Fig. 1: Late curvilinear phase of Central Building
Fig. 2: Earlier rectilinear phase of Central Building
Fig. 3: Tannour with flue in earlier phase of Central Building
Preliminary observation of the pottery from these Trench 10W contexts suggests that much of the occupation of these structures took place during the Sasanian period (3rd-7th centuries CE), and possibly extending into the subsequent early Islamic period (7th-8th centuries CE). Tannours (particularly on the south-eastern side of trench) in Trench 10W encountered outside of the Central and North-East Buildings may prove to date even later, up to the Ottoman period of the recent past.
Excavations in the nearby Trench 10N included ephemeral Sasanian period structures and installations, while further down, a large ‘Burned Building’ was encountered. The interior of the Burned Building has thus far been identified to have experienced two major burning events, attested by layers of broken chunks of burned orangey-red or dark brown mud and ash. Analyses of spot samples of these deposits revealed phytoliths of reeds, consistent with the suggestion that much of this burning represented roofing material of mud plaster and reed matting that had burned and collapsed during the conflagration of the building (fig. 4). The burning of this phase was heavy enough to scorch the interior face of one of the stone walls of the building, leaving many stones smoke-blackened, and turning the surface of the inner face of the pisé wall into an orange crusty layer.

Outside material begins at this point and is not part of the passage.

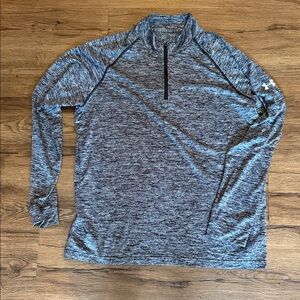 Under Armour Heathered Black Long Sleeve Pullover 1/4 Zip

Fig. 4: Charred deposit of later phase of Burned Building
Directly below this burned layer was the floor, this being the latest of several surfaces, each distinguished by a thin, pale grey-coloured, horizontally deposited layer of flooring material.
The lack of good diagnostic pottery from the Burned Building has made a precise date for its occupation and destruction difficult to establish, although judging from what meagre sherds were found, it is suggested to date to the Iron Age. It is conceivable that the destruction events in the Burned Building are contemporary with the destruction by fire of the structures encountered in Trench 14 in 2013 and 2017 to the south-east of the mound, where abundant pottery forms attest to occupation from the 7th century BCE.
In all, this was a productive season of excavations. On our days off, we enjoyed the opportunity to travel through the countryside of the Sulaymaniyah Province of Iraqi Kurdistan. In April, the hills and mountain ranges are stunningly beautiful, and they hold within them ancient tell-sites, petroglyphs and rock reliefs (e.g. that of Naram-Sin at Daband-i-Gawr and the iconic Neolithic site of Jarmo) that span thousands of years of human habitation.